- ABOUT THIS EXERCISE: After locating the line with "Prodej pozemku pro" below, output it and each following line exactly, stopping after the line with "Shoes - Picture 3 of 3". No pictures.

- ENTRIES PROVIDED:
※

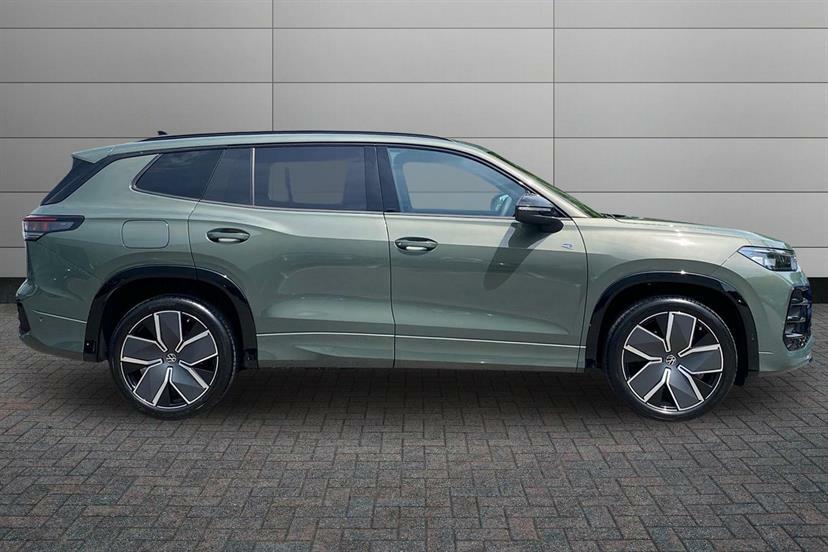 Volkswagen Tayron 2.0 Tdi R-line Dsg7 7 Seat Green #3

※

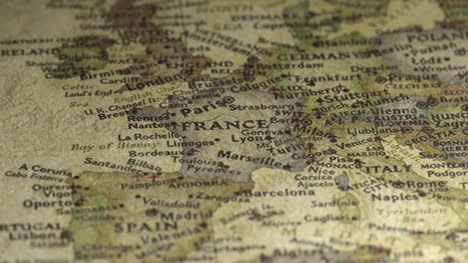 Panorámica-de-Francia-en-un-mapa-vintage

※

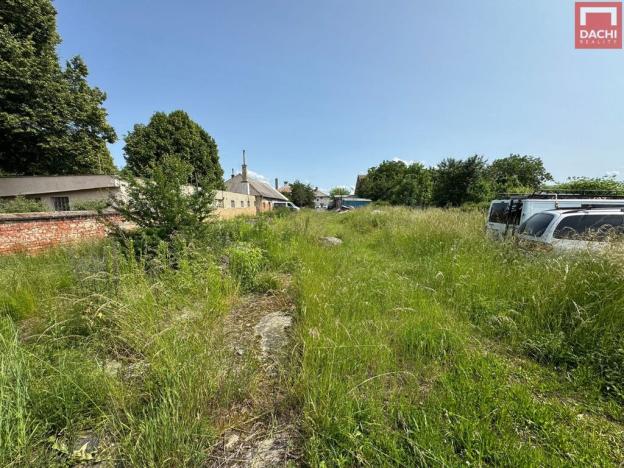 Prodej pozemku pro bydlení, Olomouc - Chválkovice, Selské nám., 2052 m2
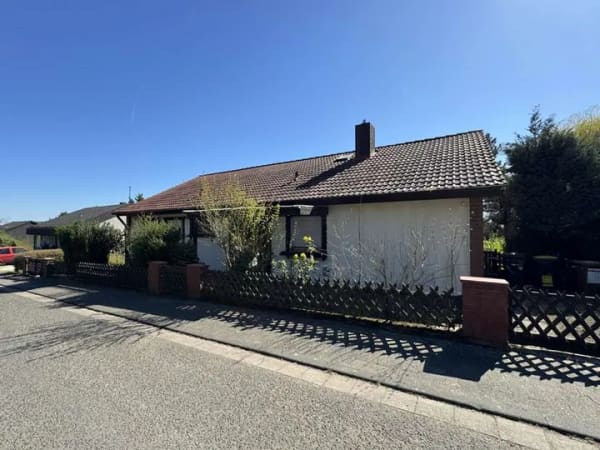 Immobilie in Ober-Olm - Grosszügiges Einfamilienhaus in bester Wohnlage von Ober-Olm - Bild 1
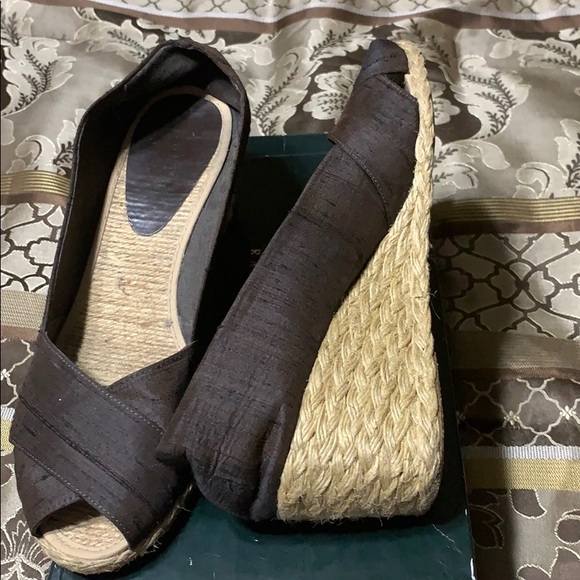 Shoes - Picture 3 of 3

※

- RESPONSE TO THE EXERCISE:
 Prodej pozemku pro bydlení, Olomouc - Chválkovice, Selské nám., 2052 m2
 Immobilie in Ober-Olm - Grosszügiges Einfamilienhaus in bester Wohnlage von Ober-Olm - Bild 1
 Shoes - Picture 3 of 3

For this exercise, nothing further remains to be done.